How does he do it? Blink, The Tipping Point, Outliers, What the Dog Saw, all Malcolm Gladwell publications. It's a wonderful thing to see and hear and be engaged by a humble and brilliant person who softly commands and engages others on a different level. Malcolm opened the mic for questions during the second half of his presentation and did not disappoint. The first part of his presentation weaved together historical accounts of the US battle between the north and south slavery plight together with the recent financial crisis. Unfolding the fall of overconfident experts leading the way, ones who we put trust and faith in to do the right thing, was the emergent theme, the caution, the view from a journalistic perspective.
Prior to going to this event, we sat for dinner, excited to hear what he would say, interested in what he was about, curious about his underlying motivations, ready to challenge, with high and few expectations.
Assumptions and preconceived notions were turned upside down, challenges were quieted, and minds were inspired.
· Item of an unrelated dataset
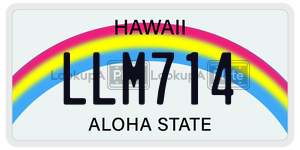 LLM714  license plate in HI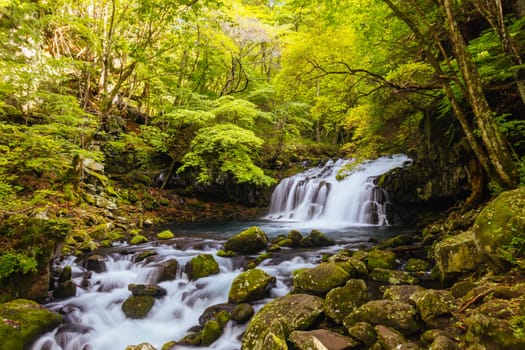 The magnificent Tateshina Otaki Falls on the famous Venus Line road, famous as a scenic driving route in Japan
Malcolm explained that he was a journalist, not an expert, not an activist, but one who reports on what he sees, hears, reads, taking fact and circumstance to build connections into meaning. This seemed to quell tension, to sooth hearts and minds to open willingly so that his message could be heard. It made him, his ideas, his knowledge, accessible to the audience. He shared complex ideas in simple, understandable ways.
The question period embraced a transparent and open dialogue with an impact far greater than the questions and answers themselves. It provided interaction and involvement from the masses, us regular people with normal lives who are affected by the big decisions made at levels that we are not a part of. It provided an opportunity for us to nurture and test our assumptions, explore connections, reveal the genius that lurks in coffee houses and at kitchen tables around the country. It provided awareness of what surrounds us on a daily basis, a desire and ability to be heard, a movement of the mind and of the power of story-telling.
Our after event discussion was sharpened and blasted open a plethora of ideas and laughter, thoughtful reflection and satisfaction.
It's our responsibility to keep experts/leaders and ourselves in check by questioning, creating systems that allow for transparency, dialogue and openness to ensure humility. To do this we need diverse opinions, expertise and experiences that affect decision-making so that catastrophic decisions are diverted. If our 'inner circles' are rich in diversity we have a better shot. Paraphrasing Malcolm, ignorance and stupidity from someone who is ignorant is just stupidity that can be dismissed but ignorance and stupidity from experts is catastrophic.